Energy consumption in the United States (U.S.) and across the world is shifting away from traditional fossil fuels like coal and oil, and towards natural gas and renewable sources, including hydrogen. Because gas demand is typically greatest during cold seasons and renewable sources sometimes produce variable supplies, it is important to store energy for use when demand exceeds supply. Whereas batteries and tanks typically store energy above ground, geologic (underground) storage may be able to retain much greater quantities of energy over much longer durations (e.g., Matos et al. 2019; Buursink et al. 2023). Consequently, the U.S. Geological Survey (USGS) is developing a methodology to locate new geologic energy storage sites with an initial focus on depleted hydrocarbon reservoirs followed by estimates of associated pore space or gas storage capacity.

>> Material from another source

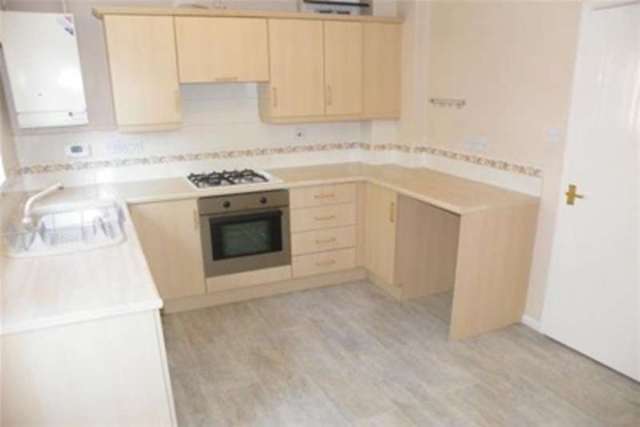  Image of 3 bedroom Detached house to rent in Otter Lane Mountsorrel Loughborough LE12 at Loughborough, LE12 7GF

Depleted hydrocarbon fields in Michigan Basin in the U.S. already host large quantities of injected natural gas (about 681 billion cubic feet of seasonal gas capacity in 42 gas storage facilities; U.S. Energy Information Administration 2024). Therefore, we used this basin as an example to assess potential new storage resources alongside existing storage capacity and carbon dioxide sequestration resources (e.g., Katz and Coats 1968; Haagsma et al. 2020). In Michigan Basin gas storage is taking place in reservoirs within several key hydrocarbon producing formations with different lithologies, including the informal Stray sandstone of the Michigan Formation and the pinnacle reefs of the Niagara Group (Gautier et al. 1995; Swezey et al. 2015). The assessment methodology introduced here consists of two steps relying on both well information and reservoir data.